Toyota may have another safety headache on it hands, this time involving the popular Corolla model. According to various media reports, the. U.S. National Highway Traffic Safety Administration (NHTSA) is reviewing a number of complaints involving steering on the 2009-2010 Toyota Corolla, and may open a formal probe.
According to a report in Automotive News, the Corolla has been the subject of 83 power-steering complaints to the NHTSA. At least 76 of those reports involved the Corolla unexpectedly veers to the left or right at 40 miles an hour and up.
The agency’s database showed 17 reports stemming from the 2010 Corolla’s steering system and 67 from the 2009 model. According to Automotive News, the complaints cite 10 injuries resulting from six accidents. In some cases, the Corolla involved ended up upside down, at the bottom of a cliff or in a ditch.

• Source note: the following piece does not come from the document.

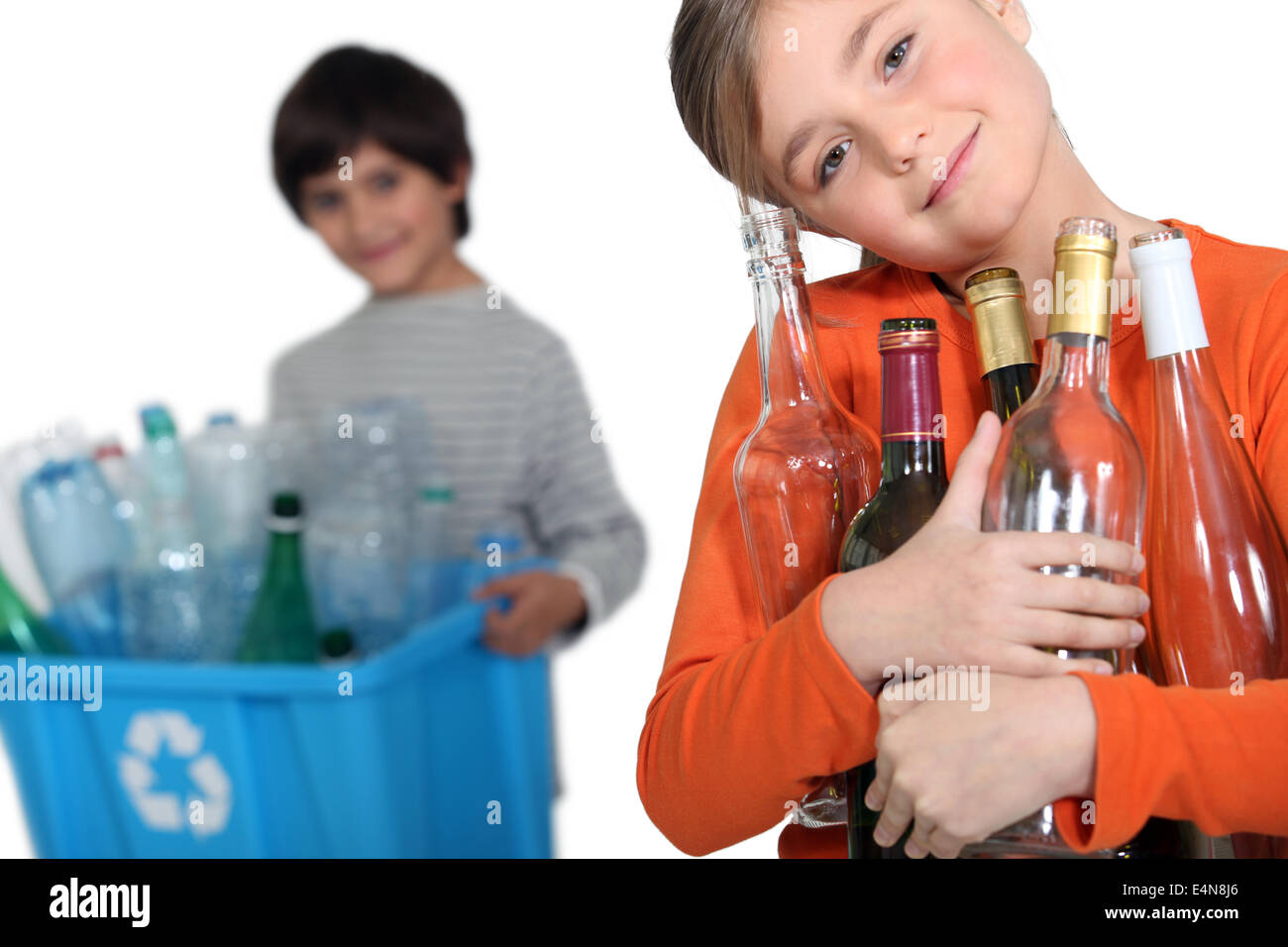 Kids recycling glass bottles Stock Photo Alamy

The Corolla issue is just the latest safety concern to hit Toyota in recent months. Yesterday, the automaker recalled 400,000 hybrid vehicles, including the 2010 Prius and the Lexus HS250h, to fix their brakes. Last week, the NHTSA announced that it had opened an investigation into the 2010 Prius relating to reports of momentary loss of braking capability while traveling over an uneven road surface, pothole or bump. The NHTSA said it had received 124 reports from consumers, including four reports alleging that crashes occurred.
Toyota has also recalled millions of vehicles around the world because of incidents of dangerous, unintended acceleration. On January 21, Toyota recalled 2.3 million vehicles due to accelerator pedals on those vehicles becoming stuck in a depressed position, causing unexpected and unsafe acceleration.
Just a few months prior, in September 2009, Toyota announced it was recalling and replacing floor mats on approximately 4.2 million vehicles which were allegedly causing accelerator pedals in the vehicles to become stuck in the depressed position, leading to uncontrollable and rapid acceleration of the vehicle.
All of these recalls have put a serious dent in Toyota’s reputation for quality and reliability. The January recall also created huge legal headaches for the automaker, which now faces at least 35 lawsuits filed by customers in the U.S. and Canada alleging, among other things, negligence and unjust enrichment.